I recently had the opportunity of a lifetime to travel to Japan, a country I have been in love with for decades. As expected, it is an amazing place full of beautiful sights, delicious food, and interesting people. We visited nine cities, some major and minor, and really got to experience the varied lifestyles and cultures in Japan. While there, I did what any good librarian should do–bought
tons of books! I also made sure to ask booksellers and other librarians alike who they thought Japan’s most popular author was. The answer was universal: Haruki Murakami.

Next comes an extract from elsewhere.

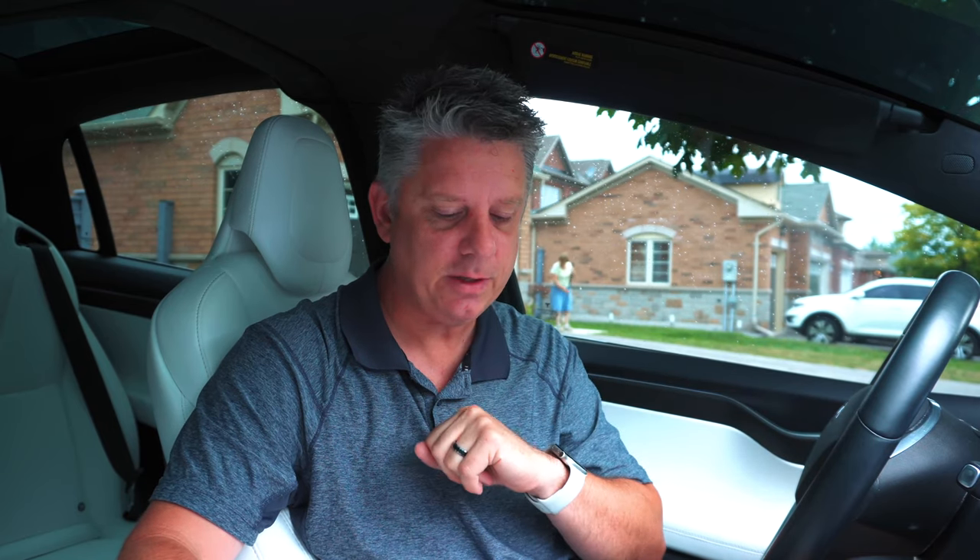Hey guys, welcome back to another video. I know I've been absent for a little bit, but I was on vacation. But today we're back onto the grind. Now if you've been a long time subscriber to the channel, you know that I talk about all things Tesla — sometimes the great stuff, sometimes the not so great stuff. And that's the subject of today's video.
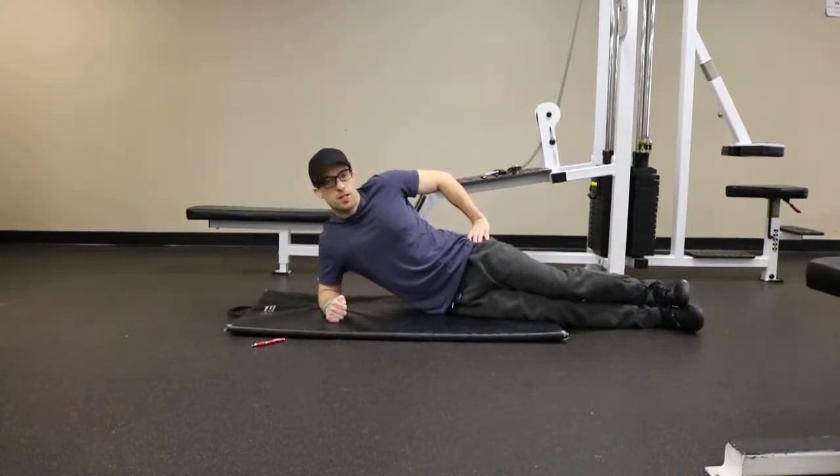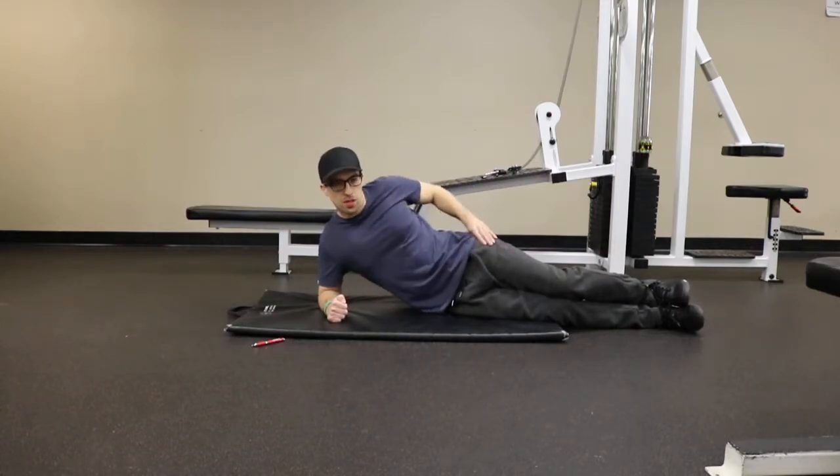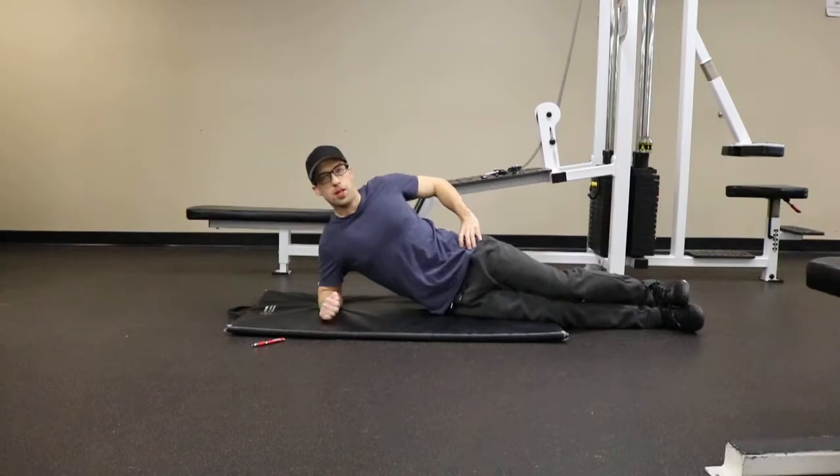Dynamic side plank from the knees. This exercise works the muscles of the obliques, which are along the side of the abdominals. To perform this exercise, lay on a mat with your forearm resting on the ground, bring your opposite hand up onto your hip, and keep that shoulder open.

You may have heard of Murakami because his books are published around the world in numerous languages and because of the myriad awards he has won, including the World Fantasy Award and Franz Kafka Prize. Or possibly you might have known that in 2015, Murakami was named one of TIME magazine’s 100 most influential people. Murakami might not be as prolific an author as some but all of his works have been well received, and you can find them at your local library.
Let’s take a look at just a couple of them, starting with my personal favorite, “1Q84.” “A young woman named Aomame follows a taxi driver’s enigmatic suggestion and begins to notice puzzling discrepancies in the world around her. She has entered, she realizes, a parallel existence, which she calls 1Q84 —’Q is for question mark. A world that bears a question.’ Meanwhile, an aspiring writer named Tengo takes on a suspect ghostwriting project. He becomes so wrapped up with the work and its unusual author that, soon, his previously placid life begins to come unraveled. A love story, a mystery, a fantasy, a novel of self-discovery, a dystopia to rival George Orwell’s — 1Q84 is Haruki Murakami’s most ambitious undertaking yet: an instant best seller in his native Japan, and a tremendous feat of imagination from one of our most revered contemporary writers.”
At the Center of “After Dark” are “two sisters—Eri, a fashion model slumbering her way into oblivion, and Mari, a young student soon led from solitary reading at an anonymous Denny’s toward people whose lives are radically alien to her own: a jazz trombonist who claims they’ve met before, a burly female ‘love hotel’ manager and her maid staff, and a Chinese prostitute savagely brutalized by a businessman. These ‘night people’ are haunted by secrets and needs that draw them together more powerfully than the differing circumstances that might keep them apart, and it soon becomes clear that Eri’s slumber—mysteriously tied to the businessman plagued by the mark of his crime—will either restore or annihilate her.”
Murakami’s much-anticipated new novel, titled “Killing Commendatore” “is an epic tour de force of love and loneliness, war and art – as well as a loving homage to The Great Gatsby -and a stunning work of imagination from one of our greatest writers.” It is set to be released in October. We hope you’ll visit your local library for a copy of this and Murakami’s other works.